Pour le contenu de l’interaction nous trouvons que les catégories présentées par Mortimer et Scott (2003) ne nous donnent pas assez d’information pour l’interprétation de l’analyse d’où nous avons décidé de déterminer le contenu de l’interaction par rapport au savoir introduit chaque fois que nous a semblé nécessaire.

  • L’approche communicative
    • Interactive/dialogique : (I/D) l’enseignant et les élèves explorent les idées, génèrent des nouvelles significations, osent des questions et des possibilités, s’écoutent et travaillent selon plusieurs points de vue.
    • Non-interactive/dialogique : (NI/D) l’enseignant considère plusieurs points de vue, prend le dessus, exploite et travaille dans différentes perspectives.
    • Interactive/discours faisant autorité : (I/A) l’enseignant conduit les élèves à travers une série de questions-réponses avec le but de régir un point de vue scientifique.
    • Non-interactive/ discours faisant autorité : (NI/A) l’enseignant présente un point de vue scientifique.

Notre choix non interactive correspond :

  • soit à un monologue du professeur
  • soit à un « quasi monologue » c’est-à-dire une série d’interventions du professeur interrompues par une ou plusieurs interventions d’élève, dont le professeur ne tient pas compte

Nous remarquons que nous n’avons pas gardé le mot autoritaire pour la traduction de l’anglais du mot « authoritative » et nous avons choisi de dire discours faisant autorité.

  • Les modèles du discours
    • le modèle en triade I-R-E (Initiation-Réponse-Evaluation)
    • le modèle en chaîne I-R-F-R-F…(Feedback)
  • Les fonctions du discours des interlocuteurs

Nous n’avons pas gardé l’appellation « les modes d’intervention de l’enseignant » car nous trouvons que pour cet aspect l’appellation « les fonctions du discours des interlocuteurs » décrit plus le contenu des catégories que nous présenterons dans ce qui suivra.

Pour cet aspect nous nous inspirons du travail de (Mortimer & Scott, 1999, p. 131). Les deux auteurs estiment que l’intervention de l’enseignant est caractérisée par le terme “ narration ”. Le terme connote un discours verbal cohérent sur une durée assez longue. Ces deux auteurs classent les fonctions de cette narration en trois grandes catégories que nous présenterons ci-dessous. Pour notre travail nous avons gardé quelques appellations de certaines catégories en ajoutant d’autres catégories liées à notre point de vue épistémologique de modélisation et de registres sémiotiques (toutes les catégories ajoutées sont en italique et soulignées). Nous présentons ci-dessous la grille qui montre toutes les catégories :

Grille de fonction du discours des interlocuteurs
Catégories Indicateur Code





Développer la connaissance scientifique
Développer la ligne conceptuelle 
Expliciter les idées 2 L’enseignant demande aux élèves d’expliciter leurs idées ou les élèves demandent d’expliciter leurs idées EI
Introduire de nouvelles idées  L’enseignant ou l’élève introduit de nouvelles idées autour de la notion étudiée.

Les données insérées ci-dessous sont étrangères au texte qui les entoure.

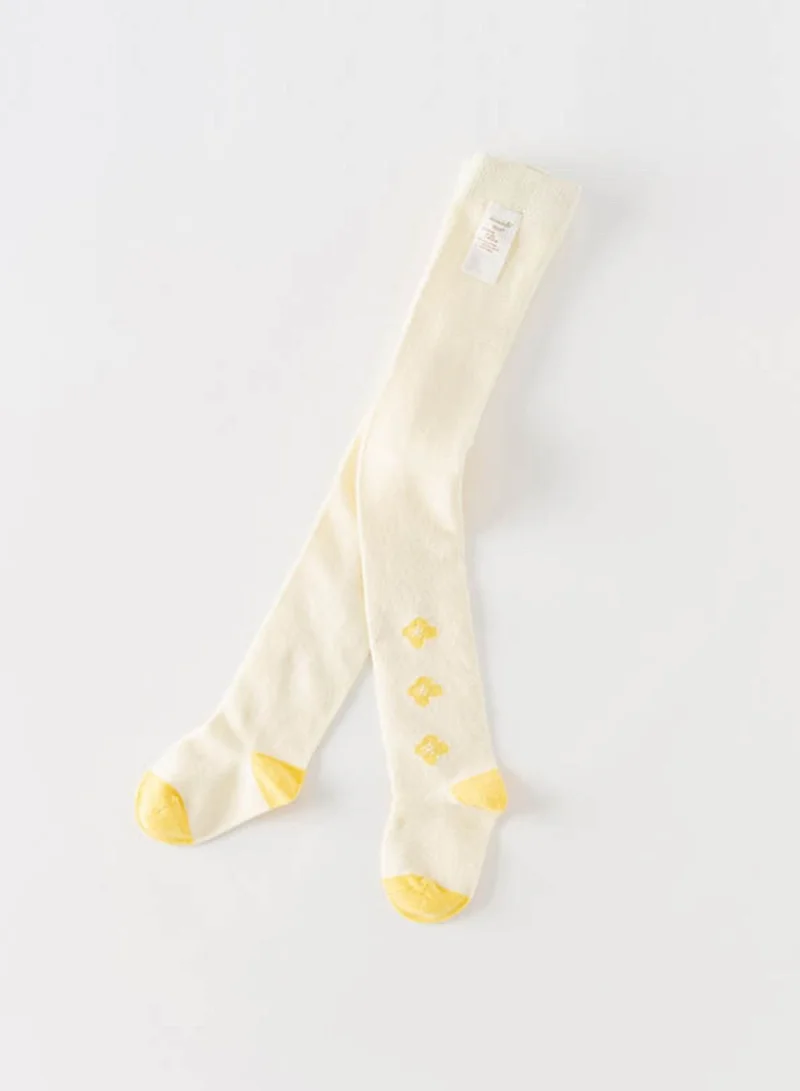 Dave & Bella Cream Tights with Yellow Floral Details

INI
Mettre en forme les idées L’enseignant guide les élèves dans les étapes par une explication du sens par une série de questions
Les élèves écrivent sur leur compte rendu
MFI
Sélectionner les idées  L’enseignant sélectionne une intervention de l’élève ou ajoute sur cette dernière et vice versa SI
Marquer les idées clés  L’enseignant répète l’intervention de l’élève en insistant sur elle ou l’élève répète une verbalisation de l’enseignant à l’autre élève MIC
Développer la ligne épistémologique 
Expliciter le monde des objets / événements  L’enseignant ou l’élève tient un objet ou parle d’un événement. EOE
Expliciter le monde de la théorie / modèle  L’enseignant tient un discours lié au monde de la théorie / modèle ou il modélise un objet de savoir au tableau.
L’élève verbalise les mots du modèle pour l’explication ou l’interprétation ou pour répondre à une question
EMT
Expliciter le lien entre les deux mondes  Différentes modalités utilisées par l’enseignant ou par l’élève (discours, gestes, artefact) ERM

Supporter la compréhension des élèves
Développer la diversification des représentations 
Registre symbolique Utilisation des symboles mathématiques pour l’enseignant ou l’élève RS
Registre graphique Explication de l’utilisation du graphe 1/OA’ = f (1/OA) par l’enseignant ou l’élève RG
Registre schématique Schématisation par l’enseignant ou l’élève RSc
Expliciter le lien entre les registres  L’enseignant ou l’élève explique en utilisant la langue, le schéma et les symboles mathématiques ERR
Promouvoir le partage de sens  l’enseignant présente les idées pour toute la classe, porte les idées individuelles ou les trouvailles des élèves à la connaissance de toute la classe, reformule une idée avec un élève pour toute la classe. PPS
Contrôler la compréhension des élèves 
Contrôler la compréhension individuelle de l’élève  L’enseignant contrôle des idées particulières avancées par l’élève CCI
Contrôler la compréhension de la classe  L’enseignant contrôle le consensus dans la classe sur certaines idées CCC
Maintenir la narration
Séquence L’enseignant assure la cohérence de la totalité de la séquence en établissant des lignes de continuité du discours d’une séance d’enseignement à une autre MNS
Séance/ Tâche L’enseignant assure la cohérence de séance en établissant des lignes de continuité du discours d’une tâche à l’autre pendant une même séance. MNT
  • Développer la connaissance scientifique
    • Développer la ligne conceptuelle : l’enseignant introduit des idées scientifiques disponibles pour les élèves, ceci inclut :
    • Développer la ligne épistémologique : l’intervention de l’enseignant destinée à introduire les aspects de la nature de la connaissance scientifique. Dans notre perspective, cette introduction de la nature de la connaissance scientifique est l’articulation du monde de la théorie/modèle et du monde des objets/événements.
  • Supporter la compréhension des élèves
    • Développer la diversification des représentations  : l’enseignant utilise différents registres pour un même concept qui aiderait les élèves à la construction de sens d’un concept. Nous ne tenons pas compte du registre linguistique car il est quasiment toujours présent pendant le déroulement de la séquence.
    • Contrôler la compréhension des élèves  : l’enseignant doit contrôler la clarification des idées introduites par les élèves.
  • Maintenir la narration
    • Maintenir la narration : l’enseignant vérifie les buts et les objectifs de la prochaine partie de la narration, revoit s’il peut anticiper, vérifie la progression dans la narration, anime la narration.

Ces catégories peuvent servir pour déterminer comment l’enseignant travaille avec ses élèves pour introduire une nouvelle connaissance et quelle influence cela a sur les activités des élèves dans un but d’aboutir à une construction de la compréhension ‘satisfaisante’ par les élèves des concepts scientifiques.

Notes
2.

Le mot « idée » pour les élèves : représentation intellectuelle, toute représentation élaborée par la pensée correspondant à un mot ou à une phrase (vue approximative élémentaire).